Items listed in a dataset
Segment Open
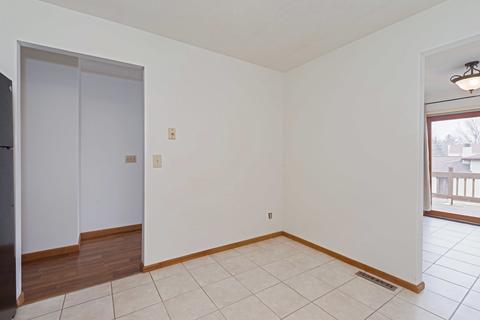 2818 Phillip Pl, Bloomington, IL 61704 photo 11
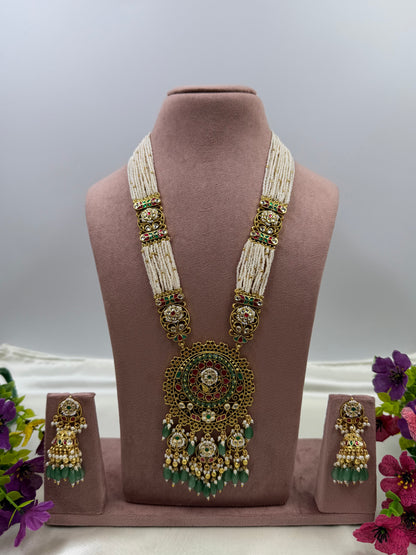 Priyanka Pachi Kundan Long Necklace Set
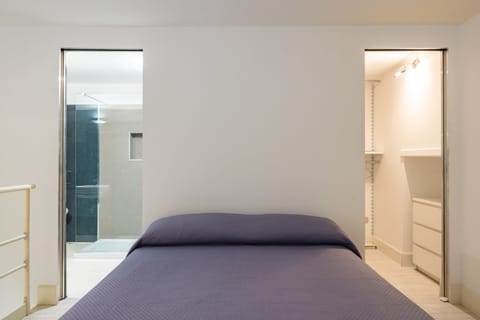 Apartment (1 Bedroom) | 1 bedroom, bed sheets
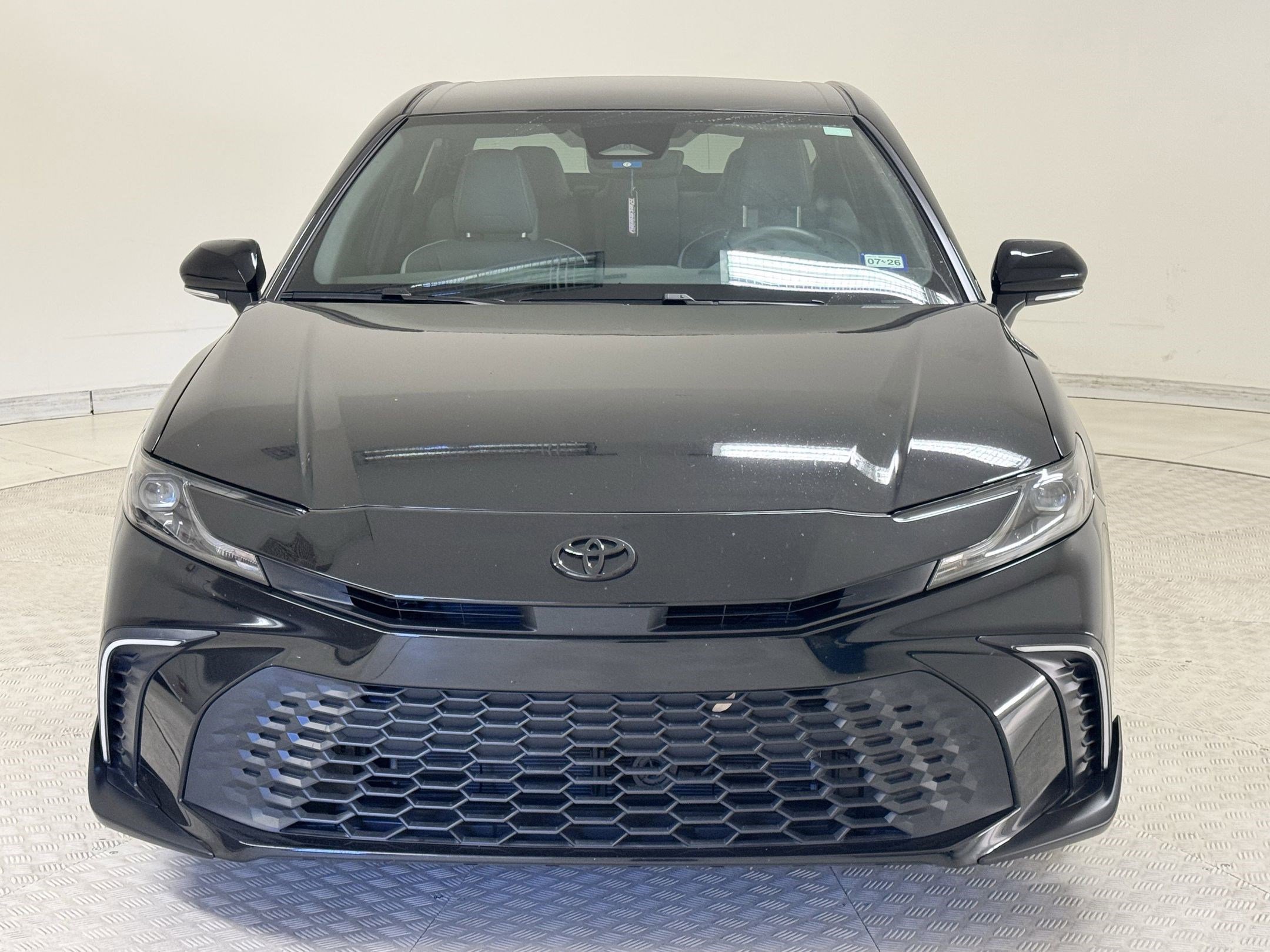 2025 Toyota Camry SE photo 2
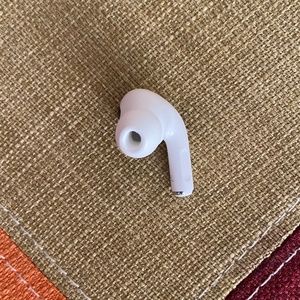 LEFT Apple AirPod Pro earbud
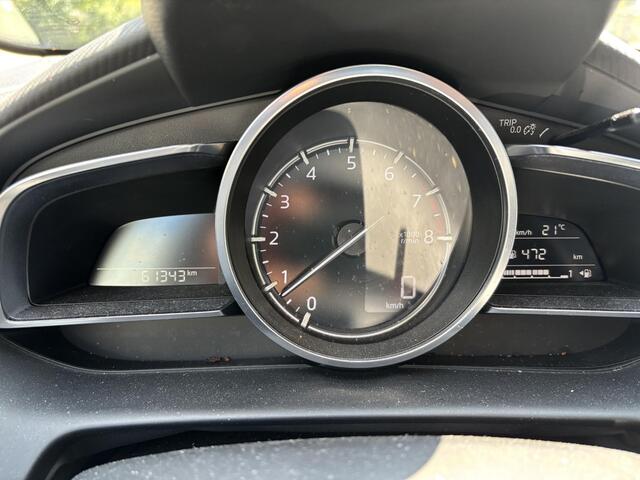 Mazda 2 1.5 Skyactiv-G Luxury 1e Eig,. Dealer Ondh, Navigatie, Apple Carplay/ Android Auto, A. Rij-Camera, Head-Up Display, Lichtmetaal, Stuurverw., Stoelverw. , Cruise Controle.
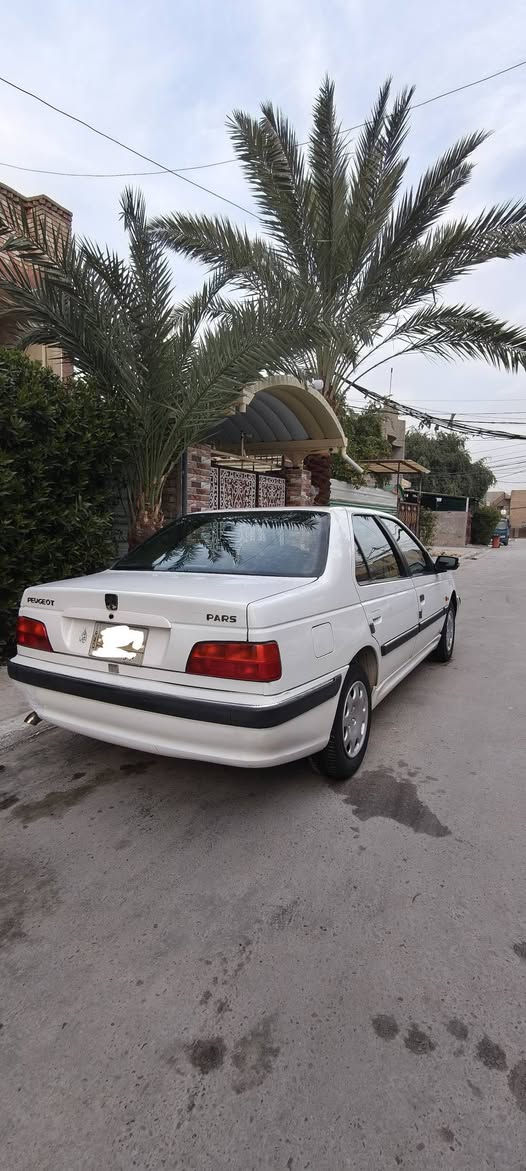 سلام وعليكم بيجو بارص 2012 سيارة كلش نضيفة وجاهزة من كلشي مكينة كير حدادية خير من الله بيهة صبغ نص جاملغ أيسر أمامي وبنيد مبدل بدون أي ضربة دواخل كلهة بلادية سنوية ٢٩ مصفرة غرامات رقم ديالى مشروع وطني  مكان بغداد سعر ٤٧ وبيهة مجال رقم ***********
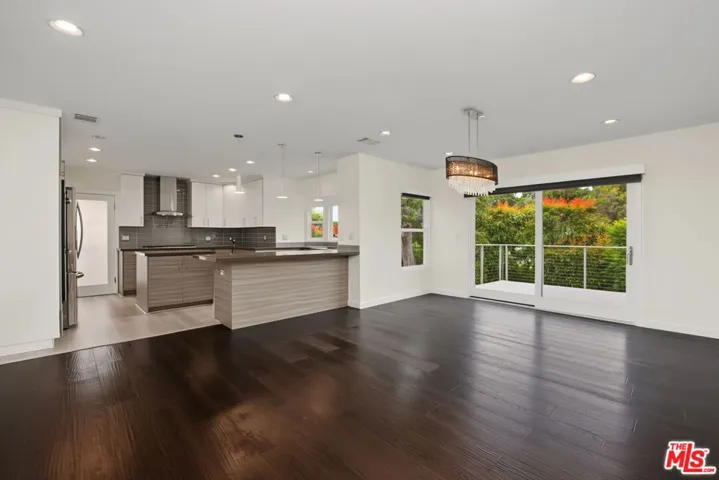 175 Barlock Avenue, Los Angeles, California 90049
Segment Closed
▶ _WHAT YOU HAVE TO DO_:
The records above should be output exactly, but without any of their pictures.

▶ _PROBLEM SOLUTION_:
 2818 Phillip Pl, Bloomington, IL 61704 photo 11
 Priyanka Pachi Kundan Long Necklace Set
 Apartment (1 Bedroom) | 1 bedroom, bed sheets
 2025 Toyota Camry SE photo 2
 LEFT Apple AirPod Pro earbud
 Mazda 2 1.5 Skyactiv-G Luxury 1e Eig,. Dealer Ondh, Navigatie, Apple Carplay/ Android Auto, A. Rij-Camera, Head-Up Display, Lichtmetaal, Stuurverw., Stoelverw. , Cruise Controle.
 سلام وعليكم بيجو بارص 2012 سيارة كلش نضيفة وجاهزة من كلشي مكينة كير حدادية خير من الله بيهة صبغ نص جاملغ أيسر أمامي وبنيد مبدل بدون أي ضربة دواخل كلهة بلادية سنوية ٢٩ مصفرة غرامات رقم ديالى مشروع وطني  مكان بغداد سعر ٤٧ وبيهة مجال رقم ***********
 175 Barlock Avenue, Los Angeles, California 90049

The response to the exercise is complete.